• **WHAT IS BEING ASKED**
Which lines below contain the word "Gold"? Copy each one.

-- RECORDS FOR THIS TASK follows --

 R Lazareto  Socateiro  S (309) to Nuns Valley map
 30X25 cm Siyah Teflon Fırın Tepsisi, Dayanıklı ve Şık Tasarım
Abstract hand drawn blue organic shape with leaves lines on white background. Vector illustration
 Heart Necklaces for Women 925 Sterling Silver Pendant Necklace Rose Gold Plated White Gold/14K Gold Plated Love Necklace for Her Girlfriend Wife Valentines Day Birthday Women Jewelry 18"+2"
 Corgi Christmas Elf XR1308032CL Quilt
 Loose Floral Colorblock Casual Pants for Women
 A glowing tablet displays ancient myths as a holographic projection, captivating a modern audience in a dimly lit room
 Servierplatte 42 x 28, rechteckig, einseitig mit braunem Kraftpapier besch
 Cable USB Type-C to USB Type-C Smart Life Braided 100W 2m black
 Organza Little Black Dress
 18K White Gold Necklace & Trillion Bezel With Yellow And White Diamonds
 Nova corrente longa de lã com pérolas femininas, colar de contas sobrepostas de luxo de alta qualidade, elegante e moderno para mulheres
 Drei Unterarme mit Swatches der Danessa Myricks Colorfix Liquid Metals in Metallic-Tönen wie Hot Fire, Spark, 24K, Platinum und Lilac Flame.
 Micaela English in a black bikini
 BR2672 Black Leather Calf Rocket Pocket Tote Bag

-- RECORDS FOR THIS TASK concluded --

• **EXERCISE OUTPUT**
 Heart Necklaces for Women 925 Sterling Silver Pendant Necklace Rose Gold Plated White Gold/14K Gold Plated Love Necklace for Her Girlfriend Wife Valentines Day Birthday Women Jewelry 18"+2"
 18K White Gold Necklace & Trillion Bezel With Yellow And White Diamonds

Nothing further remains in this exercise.